**Requirement**
Repeat the lines from the line with "Rome: Colosseum, Vatican" to the line with "Reality Exkluzívne 2" in the listing below, keeping both end lines and adding nothing.

**Data excerpts**
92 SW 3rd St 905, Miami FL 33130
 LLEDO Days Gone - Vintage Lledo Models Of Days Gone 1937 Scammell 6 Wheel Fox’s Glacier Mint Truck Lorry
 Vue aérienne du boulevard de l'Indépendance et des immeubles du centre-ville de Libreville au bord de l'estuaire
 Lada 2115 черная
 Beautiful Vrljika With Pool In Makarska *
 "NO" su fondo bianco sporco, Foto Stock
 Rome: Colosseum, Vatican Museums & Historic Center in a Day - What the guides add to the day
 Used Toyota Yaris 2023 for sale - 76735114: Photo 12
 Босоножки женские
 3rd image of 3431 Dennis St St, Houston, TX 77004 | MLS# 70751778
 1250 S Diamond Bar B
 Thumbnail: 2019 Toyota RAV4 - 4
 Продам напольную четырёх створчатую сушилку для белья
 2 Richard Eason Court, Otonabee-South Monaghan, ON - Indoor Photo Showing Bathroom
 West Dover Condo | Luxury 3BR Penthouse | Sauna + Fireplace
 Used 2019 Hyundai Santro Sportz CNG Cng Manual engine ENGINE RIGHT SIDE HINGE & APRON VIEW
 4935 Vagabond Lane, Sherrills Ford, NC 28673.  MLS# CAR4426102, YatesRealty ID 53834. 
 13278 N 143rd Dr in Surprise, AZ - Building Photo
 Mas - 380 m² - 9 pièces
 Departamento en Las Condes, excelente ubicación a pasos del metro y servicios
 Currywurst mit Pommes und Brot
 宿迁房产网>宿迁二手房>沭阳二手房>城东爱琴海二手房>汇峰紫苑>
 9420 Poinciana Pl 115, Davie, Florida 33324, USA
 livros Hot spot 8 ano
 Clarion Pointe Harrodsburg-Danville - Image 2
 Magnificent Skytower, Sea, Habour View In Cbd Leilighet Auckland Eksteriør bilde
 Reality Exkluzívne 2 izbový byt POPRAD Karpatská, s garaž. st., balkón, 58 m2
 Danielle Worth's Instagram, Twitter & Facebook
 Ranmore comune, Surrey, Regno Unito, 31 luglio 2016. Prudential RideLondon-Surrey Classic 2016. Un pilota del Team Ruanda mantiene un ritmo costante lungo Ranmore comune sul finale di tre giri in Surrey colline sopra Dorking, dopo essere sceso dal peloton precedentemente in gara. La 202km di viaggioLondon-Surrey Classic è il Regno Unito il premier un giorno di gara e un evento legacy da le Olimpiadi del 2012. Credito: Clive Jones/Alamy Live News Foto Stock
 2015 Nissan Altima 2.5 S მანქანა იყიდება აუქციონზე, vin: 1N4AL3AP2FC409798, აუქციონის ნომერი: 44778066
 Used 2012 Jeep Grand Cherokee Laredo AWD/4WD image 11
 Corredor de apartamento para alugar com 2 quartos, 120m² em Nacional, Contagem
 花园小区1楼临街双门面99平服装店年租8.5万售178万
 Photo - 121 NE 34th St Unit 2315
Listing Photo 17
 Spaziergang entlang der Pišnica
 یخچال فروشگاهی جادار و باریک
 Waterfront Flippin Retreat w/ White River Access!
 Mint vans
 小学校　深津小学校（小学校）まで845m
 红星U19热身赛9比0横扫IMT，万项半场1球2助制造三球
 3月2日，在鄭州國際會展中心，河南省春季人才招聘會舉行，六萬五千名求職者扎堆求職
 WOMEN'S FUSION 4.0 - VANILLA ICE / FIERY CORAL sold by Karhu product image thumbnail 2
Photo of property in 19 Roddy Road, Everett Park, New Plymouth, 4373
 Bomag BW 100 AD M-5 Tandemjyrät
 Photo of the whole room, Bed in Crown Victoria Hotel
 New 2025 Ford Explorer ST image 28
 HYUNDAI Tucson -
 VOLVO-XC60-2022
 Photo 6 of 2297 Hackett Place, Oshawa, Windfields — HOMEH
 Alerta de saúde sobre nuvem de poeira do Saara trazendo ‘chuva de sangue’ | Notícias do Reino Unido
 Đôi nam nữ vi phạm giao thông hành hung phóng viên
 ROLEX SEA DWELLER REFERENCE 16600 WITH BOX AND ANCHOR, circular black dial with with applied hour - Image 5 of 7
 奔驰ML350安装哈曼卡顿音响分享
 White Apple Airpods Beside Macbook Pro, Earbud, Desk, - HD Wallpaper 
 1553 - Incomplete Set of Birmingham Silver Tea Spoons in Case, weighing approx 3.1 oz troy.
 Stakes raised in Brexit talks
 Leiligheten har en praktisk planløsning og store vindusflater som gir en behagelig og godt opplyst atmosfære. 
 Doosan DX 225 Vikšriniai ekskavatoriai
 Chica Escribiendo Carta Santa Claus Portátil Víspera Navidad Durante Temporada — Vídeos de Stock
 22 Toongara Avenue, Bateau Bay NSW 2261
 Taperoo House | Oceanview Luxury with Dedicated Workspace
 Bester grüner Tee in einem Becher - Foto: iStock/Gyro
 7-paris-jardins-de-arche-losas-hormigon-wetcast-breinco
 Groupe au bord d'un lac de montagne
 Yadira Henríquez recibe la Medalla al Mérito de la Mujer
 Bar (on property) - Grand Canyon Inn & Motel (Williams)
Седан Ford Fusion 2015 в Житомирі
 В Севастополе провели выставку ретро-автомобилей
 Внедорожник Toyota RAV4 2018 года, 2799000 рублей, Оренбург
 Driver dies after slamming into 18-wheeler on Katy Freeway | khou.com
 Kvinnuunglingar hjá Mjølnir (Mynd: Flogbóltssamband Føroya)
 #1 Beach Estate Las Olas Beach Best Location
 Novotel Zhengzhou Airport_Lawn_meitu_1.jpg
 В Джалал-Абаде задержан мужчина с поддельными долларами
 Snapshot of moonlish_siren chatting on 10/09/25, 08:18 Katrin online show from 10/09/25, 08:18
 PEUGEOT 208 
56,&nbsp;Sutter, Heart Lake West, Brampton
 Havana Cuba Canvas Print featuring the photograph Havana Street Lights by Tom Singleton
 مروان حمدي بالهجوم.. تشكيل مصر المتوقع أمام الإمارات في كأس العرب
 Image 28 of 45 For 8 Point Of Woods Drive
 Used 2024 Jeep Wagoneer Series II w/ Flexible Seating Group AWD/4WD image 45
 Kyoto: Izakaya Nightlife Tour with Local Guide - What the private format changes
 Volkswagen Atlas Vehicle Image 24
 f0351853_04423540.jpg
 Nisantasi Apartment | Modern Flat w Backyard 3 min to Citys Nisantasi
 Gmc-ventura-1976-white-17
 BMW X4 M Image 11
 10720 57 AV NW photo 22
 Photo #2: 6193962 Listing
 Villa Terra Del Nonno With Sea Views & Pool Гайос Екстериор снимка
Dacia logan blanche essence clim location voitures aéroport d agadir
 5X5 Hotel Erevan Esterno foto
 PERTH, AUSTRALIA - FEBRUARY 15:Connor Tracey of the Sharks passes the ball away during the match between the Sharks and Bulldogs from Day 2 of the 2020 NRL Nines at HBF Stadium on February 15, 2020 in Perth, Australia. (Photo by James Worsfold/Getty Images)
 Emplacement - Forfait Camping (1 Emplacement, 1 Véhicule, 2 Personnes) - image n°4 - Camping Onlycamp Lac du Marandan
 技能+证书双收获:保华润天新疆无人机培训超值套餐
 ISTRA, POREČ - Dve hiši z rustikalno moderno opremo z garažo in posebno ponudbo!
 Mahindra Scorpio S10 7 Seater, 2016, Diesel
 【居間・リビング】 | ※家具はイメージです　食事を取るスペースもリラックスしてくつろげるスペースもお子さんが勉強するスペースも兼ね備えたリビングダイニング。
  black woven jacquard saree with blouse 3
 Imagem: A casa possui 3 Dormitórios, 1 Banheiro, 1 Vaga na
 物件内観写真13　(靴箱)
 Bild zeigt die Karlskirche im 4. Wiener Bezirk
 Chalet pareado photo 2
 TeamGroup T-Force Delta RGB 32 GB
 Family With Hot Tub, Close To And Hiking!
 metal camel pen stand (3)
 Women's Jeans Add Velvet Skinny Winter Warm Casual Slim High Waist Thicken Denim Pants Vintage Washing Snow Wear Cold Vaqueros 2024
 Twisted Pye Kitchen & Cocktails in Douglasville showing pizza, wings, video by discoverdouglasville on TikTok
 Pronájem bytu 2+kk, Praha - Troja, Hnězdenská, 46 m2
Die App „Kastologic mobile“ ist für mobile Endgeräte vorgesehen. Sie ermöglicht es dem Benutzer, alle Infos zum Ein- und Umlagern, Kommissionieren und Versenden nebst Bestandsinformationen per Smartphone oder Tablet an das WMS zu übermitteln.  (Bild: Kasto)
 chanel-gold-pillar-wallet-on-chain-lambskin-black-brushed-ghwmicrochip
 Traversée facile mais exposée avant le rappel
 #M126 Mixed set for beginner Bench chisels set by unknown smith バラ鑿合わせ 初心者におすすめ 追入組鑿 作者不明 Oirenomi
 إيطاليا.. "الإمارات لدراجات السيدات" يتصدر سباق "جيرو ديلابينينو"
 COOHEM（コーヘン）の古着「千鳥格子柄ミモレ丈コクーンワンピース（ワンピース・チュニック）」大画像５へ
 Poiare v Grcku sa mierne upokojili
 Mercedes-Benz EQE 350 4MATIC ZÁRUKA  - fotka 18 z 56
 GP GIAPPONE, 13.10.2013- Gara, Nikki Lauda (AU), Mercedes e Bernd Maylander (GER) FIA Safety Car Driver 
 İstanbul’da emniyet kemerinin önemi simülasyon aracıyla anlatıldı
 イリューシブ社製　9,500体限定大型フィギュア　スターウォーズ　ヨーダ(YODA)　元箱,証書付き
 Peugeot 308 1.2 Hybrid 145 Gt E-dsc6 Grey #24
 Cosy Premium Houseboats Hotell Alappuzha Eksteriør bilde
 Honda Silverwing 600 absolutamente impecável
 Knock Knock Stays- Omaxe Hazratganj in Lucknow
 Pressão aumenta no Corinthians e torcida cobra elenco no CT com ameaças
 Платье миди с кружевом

**Result of this task**
 Rome: Colosseum, Vatican Museums & Historic Center in a Day - What the guides add to the day
 Used Toyota Yaris 2023 for sale - 76735114: Photo 12
 Босоножки женские
 3rd image of 3431 Dennis St St, Houston, TX 77004 | MLS# 70751778
 1250 S Diamond Bar B
 Thumbnail: 2019 Toyota RAV4 - 4
 Продам напольную четырёх створчатую сушилку для белья
 2 Richard Eason Court, Otonabee-South Monaghan, ON - Indoor Photo Showing Bathroom
 West Dover Condo | Luxury 3BR Penthouse | Sauna + Fireplace
 Used 2019 Hyundai Santro Sportz CNG Cng Manual engine ENGINE RIGHT SIDE HINGE & APRON VIEW
 4935 Vagabond Lane, Sherrills Ford, NC 28673.  MLS# CAR4426102, YatesRealty ID 53834. 
 13278 N 143rd Dr in Surprise, AZ - Building Photo
 Mas - 380 m² - 9 pièces
 Departamento en Las Condes, excelente ubicación a pasos del metro y servicios
 Currywurst mit Pommes und Brot
 宿迁房产网>宿迁二手房>沭阳二手房>城东爱琴海二手房>汇峰紫苑>
 9420 Poinciana Pl 115, Davie, Florida 33324, USA
 livros Hot spot 8 ano
 Clarion Pointe Harrodsburg-Danville - Image 2
 Magnificent Skytower, Sea, Habour View In Cbd Leilighet Auckland Eksteriør bilde
 Reality Exkluzívne 2 izbový byt POPRAD Karpatská, s garaž. st., balkón, 58 m2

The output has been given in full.